MIFFLIN, OHIO — The gate was open when I drove by the mothballed Johnny Appleseed amphitheater this afternoon. So I pulled in to have a look around.
About a hundred yards past the gate, a crane loaded logs onto a tractor-trailer. The logging equipment reminded me of vultures, picking a carcass. The forest surrounding the amphitheater belongs to Muskingum Watershed Conservancy District. They’re still looking for a way to repurpose the facility.
A boarded up ticket booth and a sad looking concrete statue of Johnny Appleseed spoke volumes. The play — a musical that some deemed “too Disneyesque” — was a resounding flop. The center was built at a time attendance was flagging at other outdoor dramas in the state.
Still, you had to admire their determination, the folks who dared to dream big and roll the dice.

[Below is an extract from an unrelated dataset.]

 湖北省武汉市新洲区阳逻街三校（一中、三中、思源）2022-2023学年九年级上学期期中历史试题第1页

They lost. The Appleseed Center and two shuttered bars nearby sit like scabs upon the landscape in a corridor once considered promising.

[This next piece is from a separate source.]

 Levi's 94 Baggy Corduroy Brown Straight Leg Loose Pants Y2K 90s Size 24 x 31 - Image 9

This morning’s peregrinations took me through Mifflin and Charles Mill Lake Park, but to little avail — except for a cup of coffee and some corporate donuts at Greedy Greg’s. Not much bird action down there and no sign of osprey on the Wayside Ballfield nest. However, just up the road the morning light was just right for a few shots at Malabar Farm.

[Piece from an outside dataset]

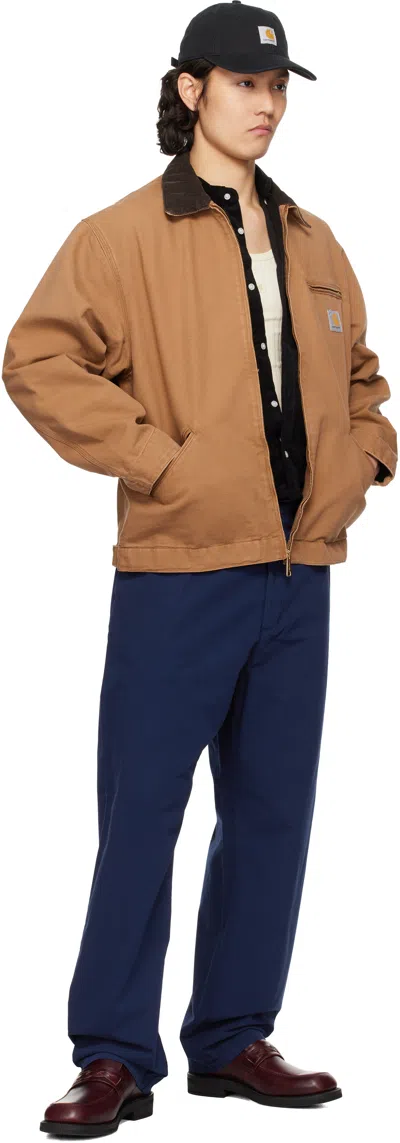 Carhartt Og Detroit Cotton Zip Jacket In 00s3khambrwn/tobacco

A faded dream. This mini billboard on the side of Mifflin Inn is testimony to a colossal flop — The Johnny Appleseed Outdoor Drama. Taxpayers ended up footing a good part of the bill for this venture. My take? They should have made a play about Daniel Boone instead and called it “Daniel Boondoggle.”
The barns at Malabar on a peaceful Sunday morning.
Detail from the Big House, home of author and sustainable farming advocate Louis Bromfield. He named the farm after a place he had visited in India.
The Big House at Malabar Farm — reflected in the pond on Bromfield Road.